Leaks and politics enliven EFEF
Wow, another big conference in London. This time it’s the 2nd annual European Future Energy Forum, a Masdar-sponsored event that had its debut in Bilbao last year. And it lasts three whole days.
So we have 3713 registered delegates, though fewer than 900 actually attended, and 112 speakers (maybe 113 if you include a virtual speaker - Prime Minister David Cameron on video) at the ExCel Centre, a giant conference centre on the Thames east of London, near the old docks. Alas, the docks are long gone and the old warehouses have mainly been turned into luxury housing with names like “Cinnamon Wharf”.
The location inspired several speakers, including Dr Sultan al Jaber, CEO of Masdar, to recall the first industrial revolution and call for a new one, of course a low carbon revolution.
With Masdar a centre of “revolutionary” clean tech activity, Siemens took the opportunity of the conference to announce its new Middle East headquarters in Masdar City. The company will implement an “innovative power grid” for the initial phase of Masdar and do R&D on CCS.
The main conference themes were, as usual at renewable energy conferences, passionate pleas for more stable government policy and for more private sector involvement.
Quite justly, as it was a European conference, tribute was paid to Dr Hermann Scheer, the great European champion of renewable energy who sadly died the week before the conference.
I can only give you the highlights which started with the UK’s Secretary of State for Climate Change Chris Huhne making more green noises. He spoke one day before the UK’s Comprehensive Spending Review was announced, and leaks proliferated at EFEF.
Most notably, it was leaked that the UK’s new feed-in tariff, introduced only in April 2010, would be cut by only 10%. Some had feared, with “cuts” being the operative word in Britain these days, that the new Coalition government would get rid of FIT or cut it much more drastically, though few thought that existing contracts could be cut retrospectively, as per the Spanish specter. So this leak cheered many solar installers and other renewable energy players.
In fact, reality beat the leak. The spending review left FIT at current levels over 2011, to be reduced in 2012, as per current planning. Another review is due in 2013.
Another leak: Maria McCaffrey, CEO of Renewable UK, was happy to have heard that infrastructure around ports was to be preserved. This was later confirmed by Prime Minister David Cameron who said: “We need thousands of offshore turbines in the next decade and beyond.” He said that up to £60 million would be committed to help assure private sector investment to meet the needs of offshore wind infrastructure at our ports. He indicated that 70,000 jobs could be created.”
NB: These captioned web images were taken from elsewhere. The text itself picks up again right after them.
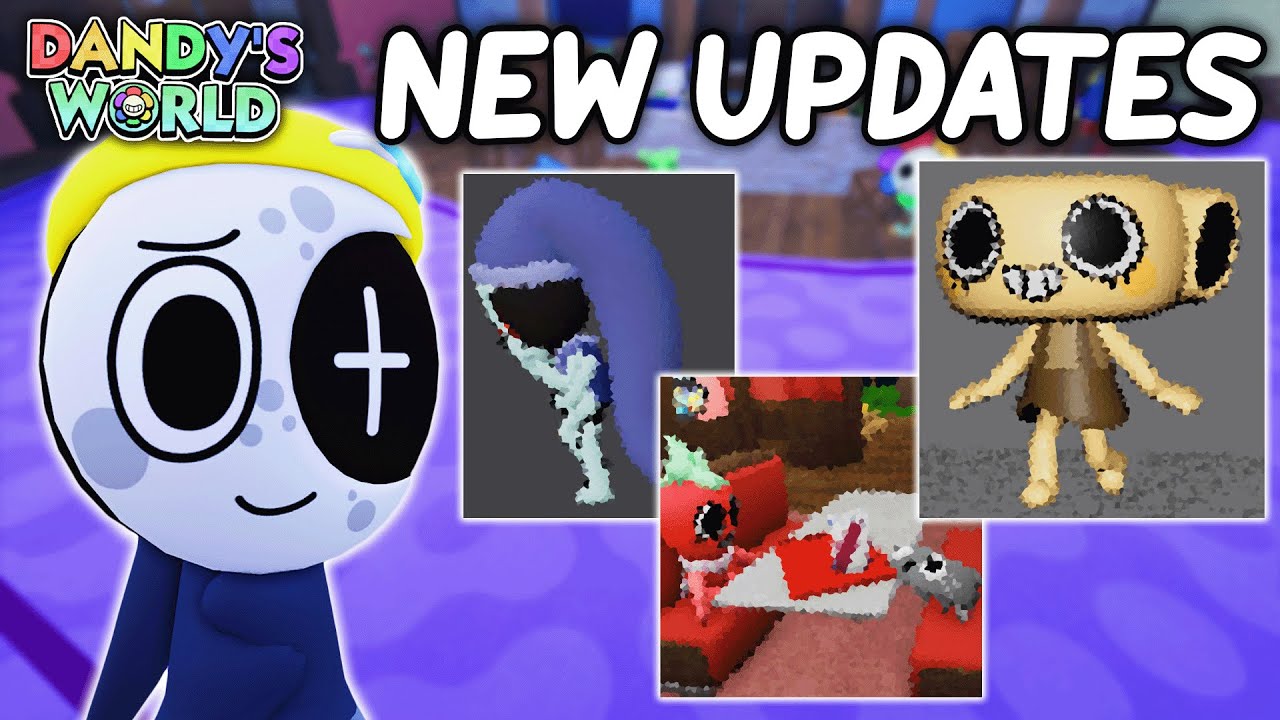 Dandy's World Update This September | Dandy's World News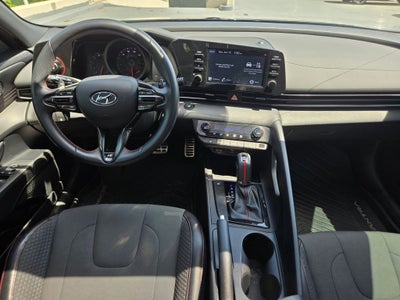 2022 Hyundai Elantra N Line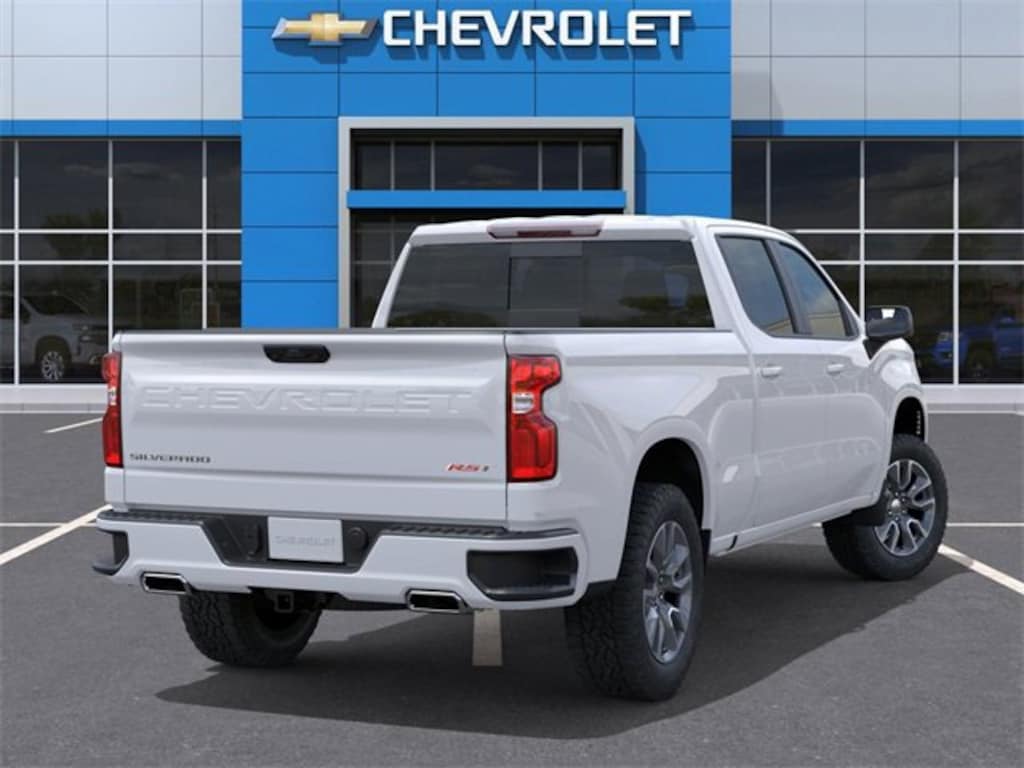 New 2026 Chevrolet Silverado 1500 RST Truck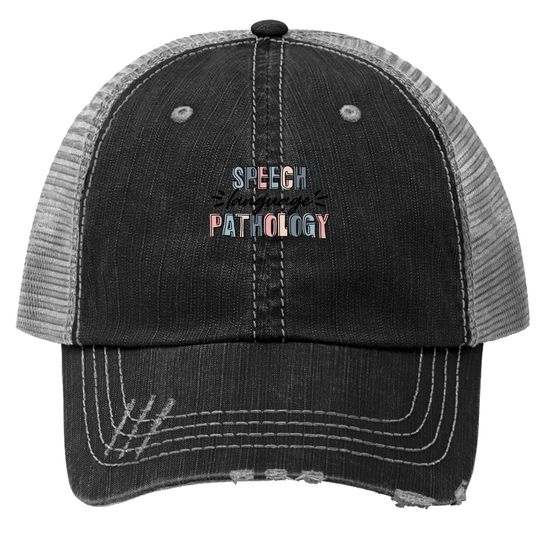 Speech Language Pathology Trucker Hat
Huhne restated his commitment to a Green Investment Bank and sure enough, the next day we found it was to have a grand total of £1 billion, much lower than rumoured. Only £1 billion to assure we don’t all fall into rising seas by 2050…? Somehow I don’t think it’s quite enough but, as we say here, it’s a start.
Big prize money
The Zayed Future Energy Prize, named for the late ruler of Abu Dhabi, had its own session and workshop. At this point, thousands of nominations have been received, the nominees all hoping to bag the big prize of $1.5 million, the largest environmental award in the world.
Underlining the reverence – if not the money - that politicians now accord to “future energy”, Boris Johnson, London’s colourful mayor, was also on the programme. He turned up late on the third day, blaming his lateness on public transport, which is, of course, one of his areas of responsibility.
Johnson vowed that London will be the world’s leader in low carbon technology and sang the praises of his programmes, like mass retrofit and wall to wall EVs. At the moment, his main achievement is a bicycle fleet, dubbed “Boris Bikes” by the media. Johnson claims a lower theft level than Paris.